Je tombais à genoux près du cadavre de Mallagome. Alerté par mes cris, la femme de Nisika me trouva. Elle se mit à pleurer. Je posais sur elle des yeux emplis de détresse. Elle prit mon bras, m’aida à me relever et m’accompagna jusqu’à un lit ou je m’écroulais deux jours entiers.

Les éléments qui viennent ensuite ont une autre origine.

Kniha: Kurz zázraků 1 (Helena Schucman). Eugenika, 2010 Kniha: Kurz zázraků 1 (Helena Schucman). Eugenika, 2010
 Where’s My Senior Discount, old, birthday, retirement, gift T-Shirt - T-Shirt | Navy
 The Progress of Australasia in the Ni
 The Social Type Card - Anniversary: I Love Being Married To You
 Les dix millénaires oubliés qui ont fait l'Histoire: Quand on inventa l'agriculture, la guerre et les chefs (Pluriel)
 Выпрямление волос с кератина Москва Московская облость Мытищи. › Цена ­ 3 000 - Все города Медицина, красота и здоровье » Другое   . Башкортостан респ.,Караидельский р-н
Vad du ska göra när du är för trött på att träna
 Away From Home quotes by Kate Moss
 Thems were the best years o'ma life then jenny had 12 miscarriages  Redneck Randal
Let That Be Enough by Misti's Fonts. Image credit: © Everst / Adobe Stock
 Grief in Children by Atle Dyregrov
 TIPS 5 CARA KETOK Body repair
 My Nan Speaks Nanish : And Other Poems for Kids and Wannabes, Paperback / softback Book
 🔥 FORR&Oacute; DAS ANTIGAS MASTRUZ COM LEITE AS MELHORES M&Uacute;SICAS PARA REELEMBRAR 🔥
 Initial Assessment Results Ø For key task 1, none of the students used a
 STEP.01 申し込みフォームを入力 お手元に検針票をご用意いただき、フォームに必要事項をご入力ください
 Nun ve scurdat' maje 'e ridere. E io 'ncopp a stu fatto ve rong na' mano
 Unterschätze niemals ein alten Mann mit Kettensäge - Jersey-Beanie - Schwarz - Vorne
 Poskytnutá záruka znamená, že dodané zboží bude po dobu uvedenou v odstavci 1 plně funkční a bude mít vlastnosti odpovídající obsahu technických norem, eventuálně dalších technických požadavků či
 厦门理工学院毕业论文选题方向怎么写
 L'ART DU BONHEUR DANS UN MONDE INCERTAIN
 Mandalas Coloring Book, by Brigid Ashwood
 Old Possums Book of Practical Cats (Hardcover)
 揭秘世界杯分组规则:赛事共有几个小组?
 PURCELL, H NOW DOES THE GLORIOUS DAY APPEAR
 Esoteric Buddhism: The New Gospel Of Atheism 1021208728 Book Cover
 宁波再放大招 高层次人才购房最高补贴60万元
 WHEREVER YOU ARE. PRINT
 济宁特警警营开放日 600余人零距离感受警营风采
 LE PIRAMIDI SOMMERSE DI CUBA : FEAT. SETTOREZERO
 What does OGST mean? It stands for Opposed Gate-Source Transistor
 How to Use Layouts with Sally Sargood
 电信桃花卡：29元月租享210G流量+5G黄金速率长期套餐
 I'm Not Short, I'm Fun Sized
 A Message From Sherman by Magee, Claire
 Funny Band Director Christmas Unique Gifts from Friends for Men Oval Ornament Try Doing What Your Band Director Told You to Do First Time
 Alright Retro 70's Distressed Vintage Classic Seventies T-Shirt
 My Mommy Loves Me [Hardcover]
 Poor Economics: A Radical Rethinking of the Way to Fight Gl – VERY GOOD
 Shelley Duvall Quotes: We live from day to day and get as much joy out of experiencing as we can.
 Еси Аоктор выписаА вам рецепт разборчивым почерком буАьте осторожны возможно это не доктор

Le bucher funéraire de Mallagorme fut érigé sur un bateau. Toute la famille était là, réunie pour son dernier voyage. Le bateau se décrocha seul de la rive puis s’enflamma à quelques mètres du bord. Je le regardai se consumer jusqu’à la fin. Les flammes me renvoyaient l’image de Nisika me faisant un signe d’adieu avant de s’évaporer avec sa sorcière. A la nuit tombée, je me rendis chez mon fils, et mis le feu à sa hutte. Puis, de mes mains, sans aucune aide de la magie je bâtis un autel de deux fois ma taille. Au pied j’y déposais une coupe en bronze que Mallagome m’avait offert. Le soleil levant vint écraser un reflet sur la coupe. Je me recueillis un instant, me levais et me dirigeais vers la ferme de la cadette de feu le forgeron Venerable. Pour l’instant, l’heure était à s’occuper des vivants.